### [Exercise directions]
Reproduce exactly the line with "Drape Waist Elasticated" and every line that follows it below, up to and including the last one. Do not include pictures or anything else.

BEGIN Provided entries

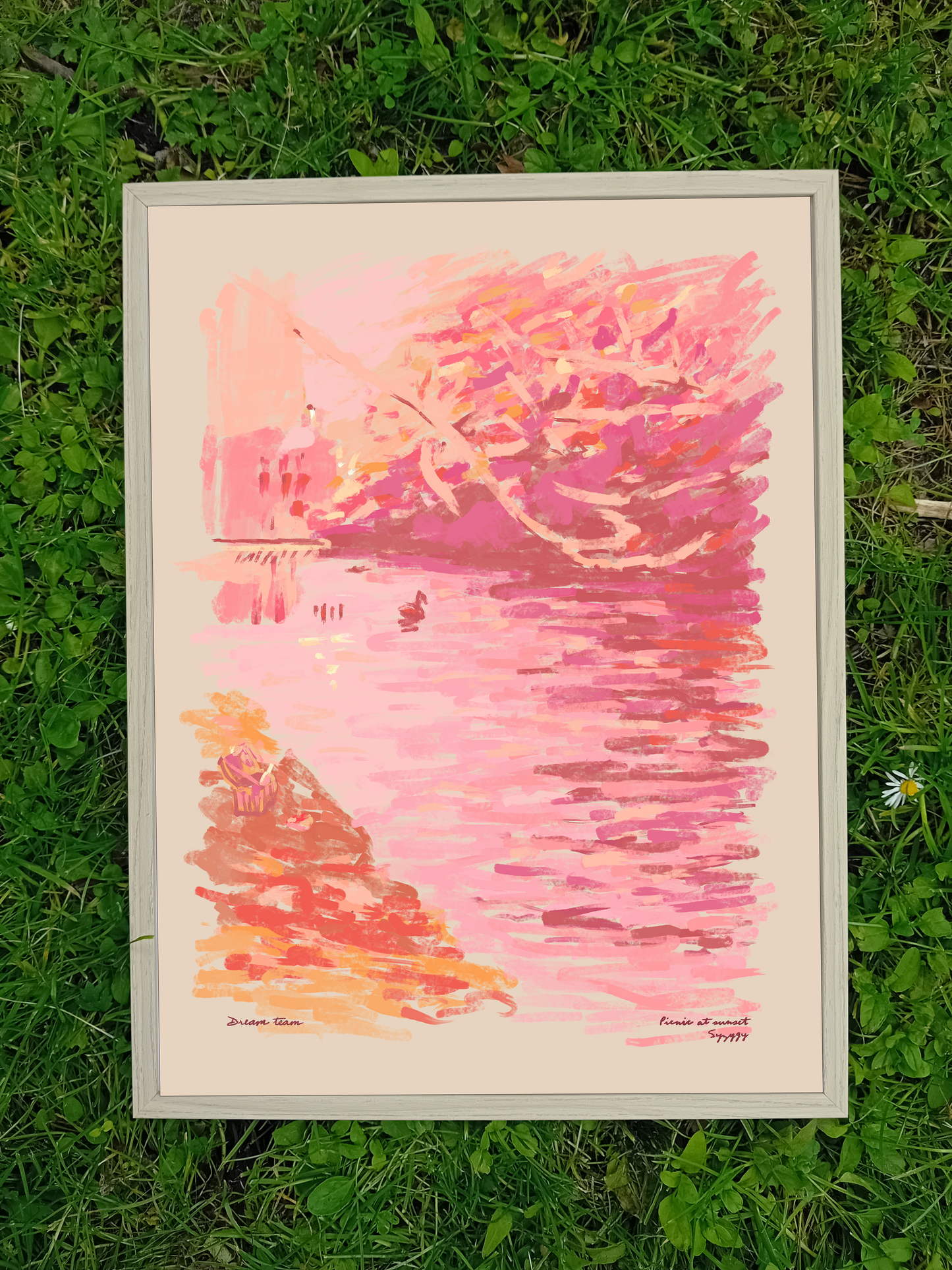 pink lake vintage art print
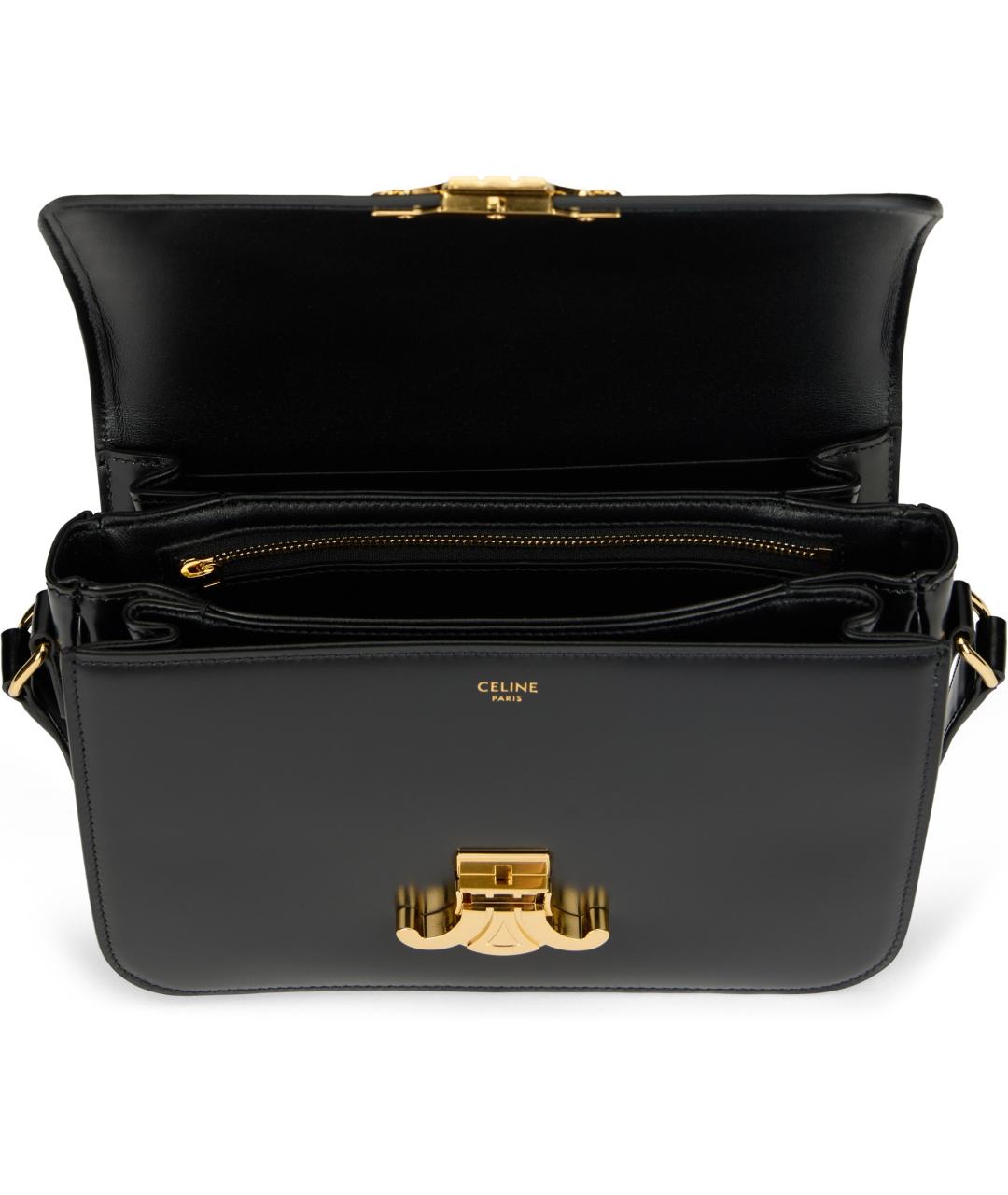 CELINE Черная кожаная сумка через плечо, фото 5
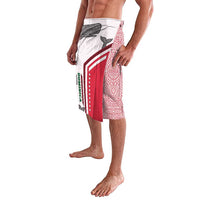 Dominica Flag Lavalava Tribal Turtle Pattern Red and White with Island Stars Design - Wonder Print Shop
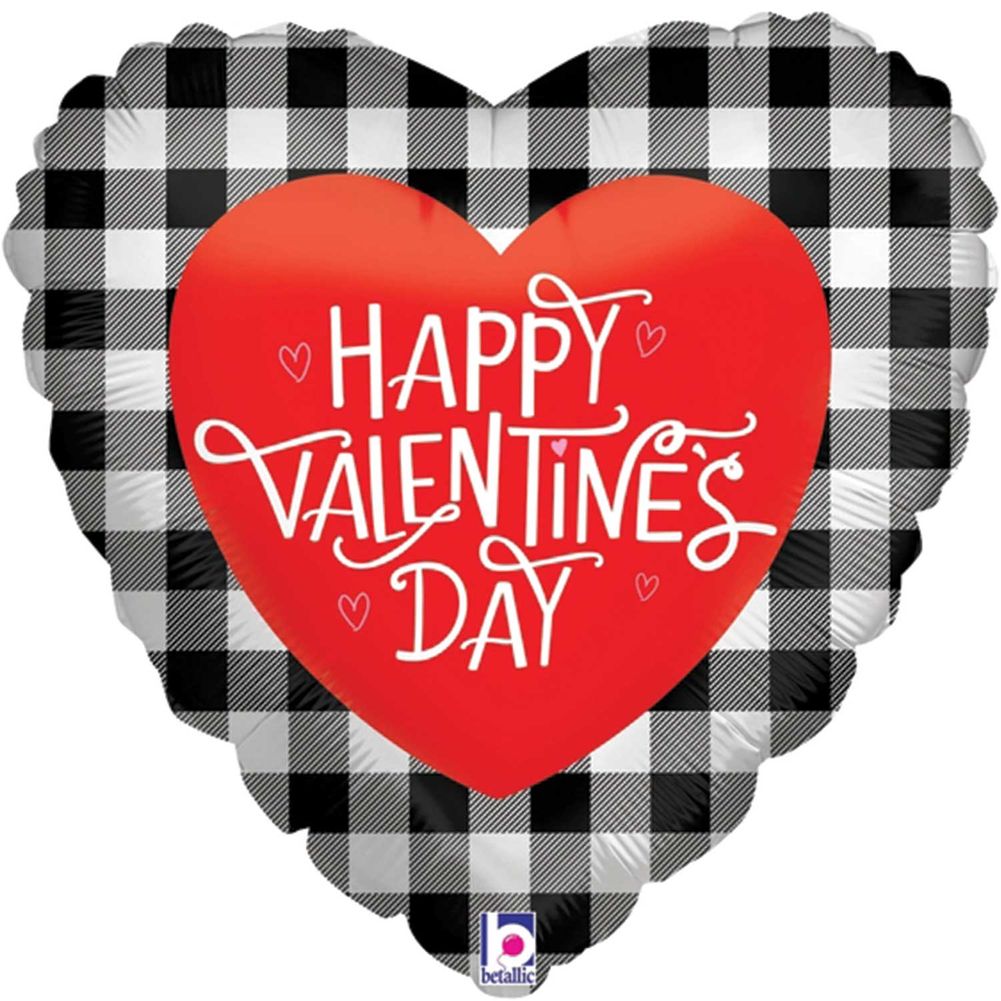 9" Buffalo Plaid Valentine Mini Foil Balloon (1ct)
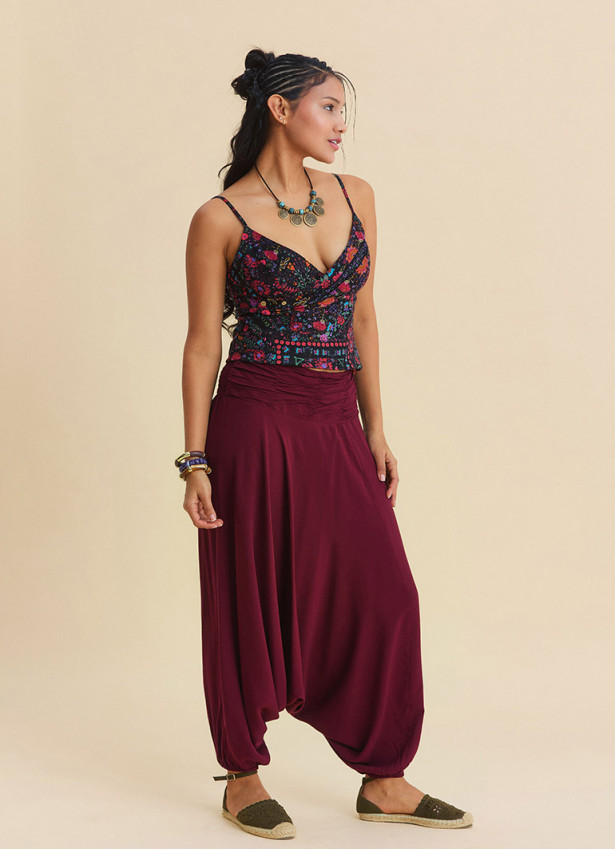 Drape Waist Elasticated Burgundy Women's Summer Trousers 4849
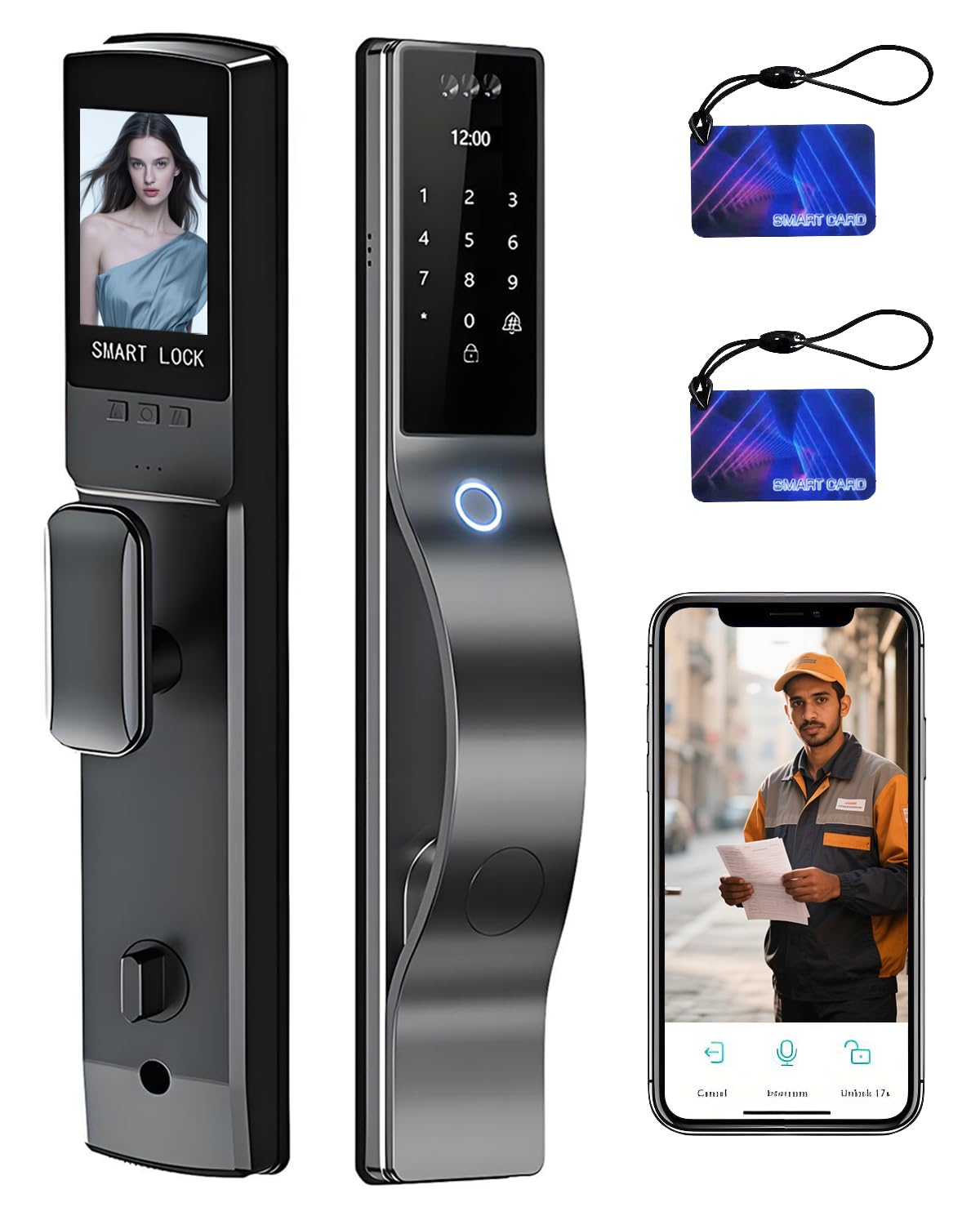 TianfuSpanda 3D Face Recognition Door Lock with Lockbody, Video Smart Lock with Camera&Doorbell, Front Door Keyless Entry Lock,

END Provided entries

### [Answer space]
 Drape Waist Elasticated Burgundy Women's Summer Trousers 4849
 TianfuSpanda 3D Face Recognition Door Lock with Lockbody, Video Smart Lock with Camera&Doorbell, Front Door Keyless Entry Lock,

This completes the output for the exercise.